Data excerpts
┄┄┄┄┄┄

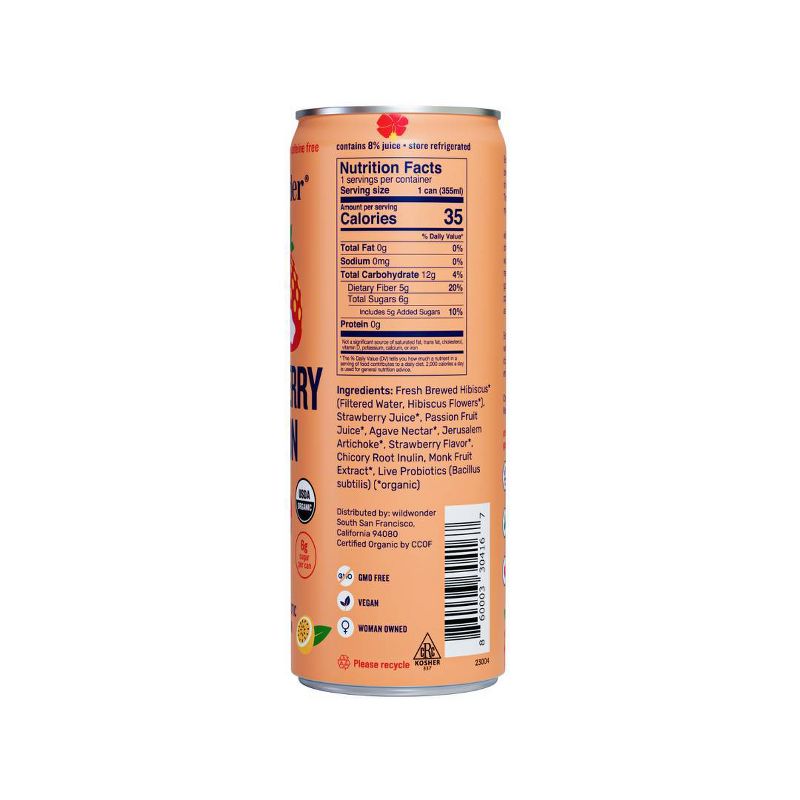 wildwonder Strawberry Passion Organic Prebiotic + Probiotic Sparkling Drink - 12 fl oz, 4 of 9
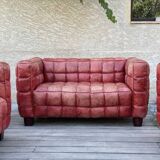 Set of sofas, red leather, 1980s reissue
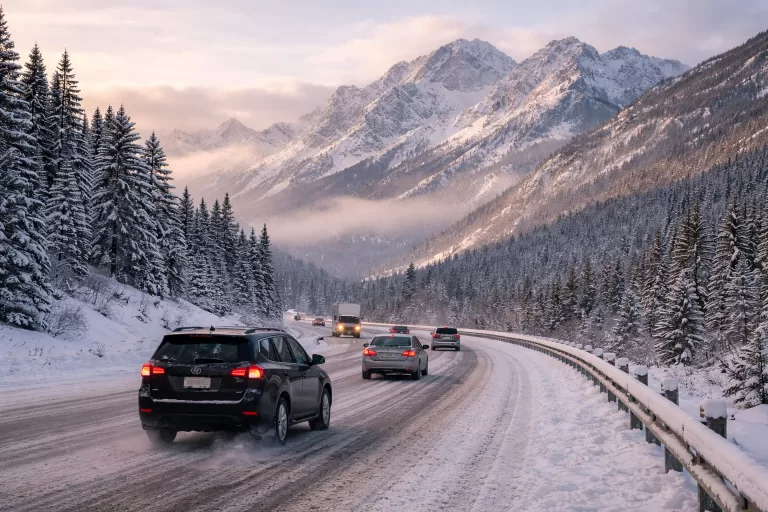 Winter highway road trip with cars driving on snowy road through mountains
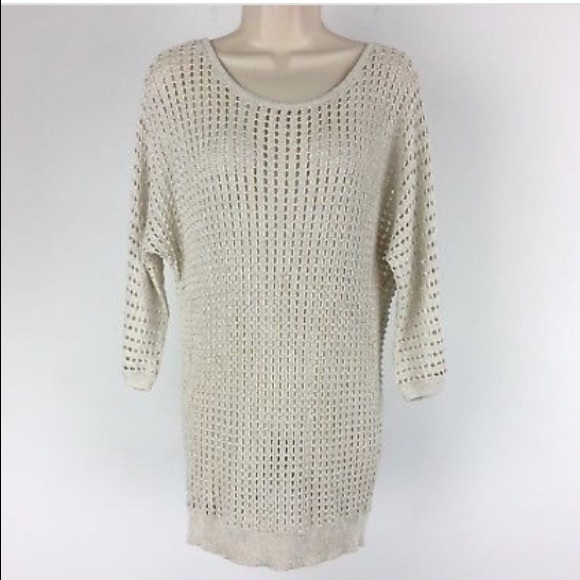 Express 3/4 Sleeve Metallic Tunic Sweater - Picture 8 of 8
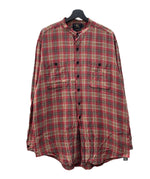 ダブルアールエル RRL 90s 90年代 三ツ星タグ FLANNEL SHIRT フランネル ネルシャツ バンドカラー ノーカラー  長袖シャツ チェック レッド Lサイズ 104MT-2075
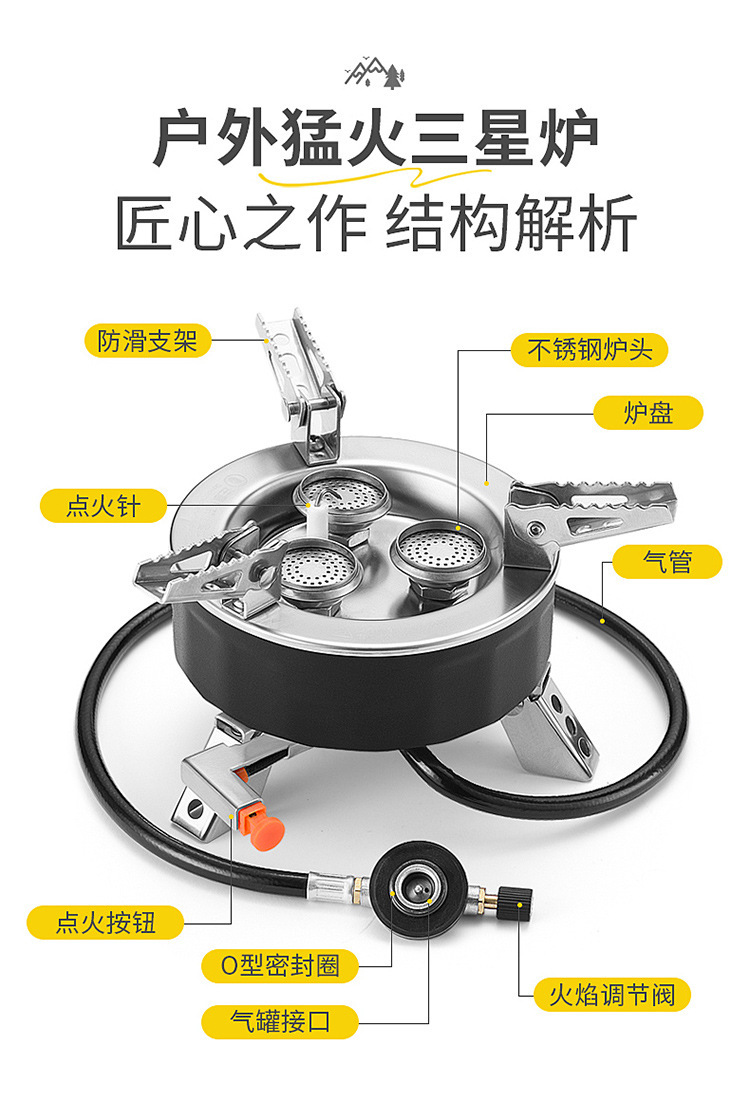 Outdoor high-intensity three-burner gas stove, three-star stove, portable camping and picnic cookware, mini gas cylinder, gas stove pic 13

┄┄┄┄┄┄

Apart from the pictures, return the records exactly.

__Output for this exercise__.
 wildwonder Strawberry Passion Organic Prebiotic + Probiotic Sparkling Drink - 12 fl oz, 4 of 9
 Set of sofas, red leather, 1980s reissue
 Winter highway road trip with cars driving on snowy road through mountains
 Express 3/4 Sleeve Metallic Tunic Sweater - Picture 8 of 8
 ダブルアールエル RRL 90s 90年代 三ツ星タグ FLANNEL SHIRT フランネル ネルシャツ バンドカラー ノーカラー  長袖シャツ チェック レッド Lサイズ 104MT-2075
 Outdoor high-intensity three-burner gas stove, three-star stove, portable camping and picnic cookware, mini gas cylinder, gas stove pic 13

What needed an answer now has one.